Shibamoyo vs Soares【写真】先制点を取って、その差をリードして勝つ。芝本を相手にタリソンは、その王道というべき試合運びで決勝進出を決めた(C)IBJJF

21日(現地時間・火曜)から26日(同・日曜)にかけてポルトガル、リスボンにあるパヴィラォン・ムルチウソス・ジ・オジヴェラスにてIBJJF(国際柔術連盟)主催のヨーロピアンオープン柔術選手権が開催された。

ヨーロッパを中心に、各国から強豪が参戦するこの大会。レビュー第3回は、世界選手権にも匹敵するほどの超激戦区となったルースター級準決勝から、超新星タイソン・ソアレス✖芝本幸司の対戦をレポートしたい。


<ルースター級準決勝/10分1R>
タリソン・ソアレス(ブラジル)
Def. by 8-6
芝本幸司(日本)

両者引き込みから、上を選択してアドバンテージを獲得したのはソアレス。右手で襟を掴む芝本は、強烈に引きつけながらソアレスの体を大きく跳ね上げてのスイープを狙う。ソアレスが倒立するようにバランスを保って立つと、芝本もその勢いで立ち上がってのテイクダウンに移行する。が、巧妙に切ったソアレスが改めて引き込みなおす。体捌きの上手さを見せたソアレスが、アドバンテージを先行したまま下のポジションを獲得──このままシーソーで上下が入れ替わり続けても勝利は動かないという有利な状況を早くも作ってみせた。

シッティングを取ったソアレスは、芝本の右足を捕まえるとすかさずベリンボロで回転。上を取って2-0とした。だが芝本も下からソアレスの右足を抱え、さらに左足のズボンも掴んで起き上がって上を取り返し、スコアは2-2に。が、ソアレスもシットアップであっさり再び上となり、スコアは4-2となる。

このままシーソーが続くと勝てない芝本は、先ほどと同じ要領で上を狙うが、今度はソアレスも反応して立つ。それでも芝本はソアレスの左足を掴んで立ち上がると、軸足を刈ってのテイクダウン。一瞬崩されたソアレスだが、すぐに体を翻して芝本の体をまたいでマウントの体勢になったところで、場外ブレイクに。この一連の攻防で芝本はアドバンテージをひとつ獲得したもの、2点のリードを保ったままニュートラルな体勢からの再開に持ち込んだソアレスに軍配が挙がる。スクランブルですかさず上を取る体捌きの上手さは、先輩のミヤオ兄弟にも見られない類の動きだ。

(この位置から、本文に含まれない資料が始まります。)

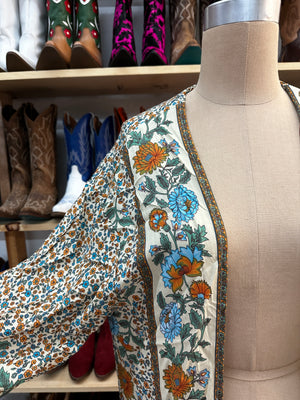 Floral Print Kimono ~ SAMPLE SALE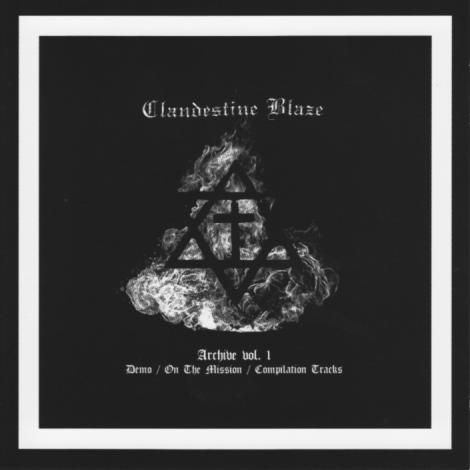 Clandestine Blaze ブラックメタル black l CLANDESTINE BLAZE : Black Metal Wanderer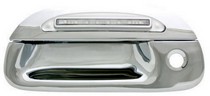 97-03 Ford F150/F250 LD In Pro Car Wear Tailgate Handle - Chrome, LED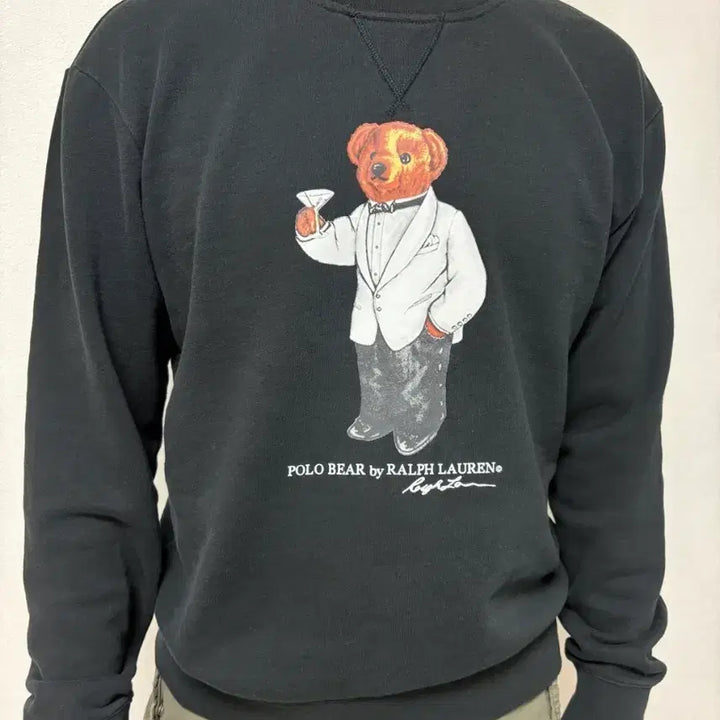 [SOLD OUT] 폴로 랄프로렌 폴로베어 맨투맨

スタンドで再開後、再びソアレスが上を選択してアドバンテージを獲得。芝本もシットアップして上を取り返してスコアを4-4とするが、アドバンテージでは2-1で遅れを取っている。下になったソアレスはまたしてもベリンボロからの上狙いへ。一度はこらえて上をキープした芝本だが、ソアレスは再度ベリンボロを仕掛けて上を取り切り、6-4とした。

シッティングを取る芝本に対し、ソアレスはその右足をアキレスグリップに捕らえると、絞り上げてアドバンテージを追加。そこから上を狙う芝本だが、ソアレスが上をキープ。この動きで芝本はアドバンテージを獲得した。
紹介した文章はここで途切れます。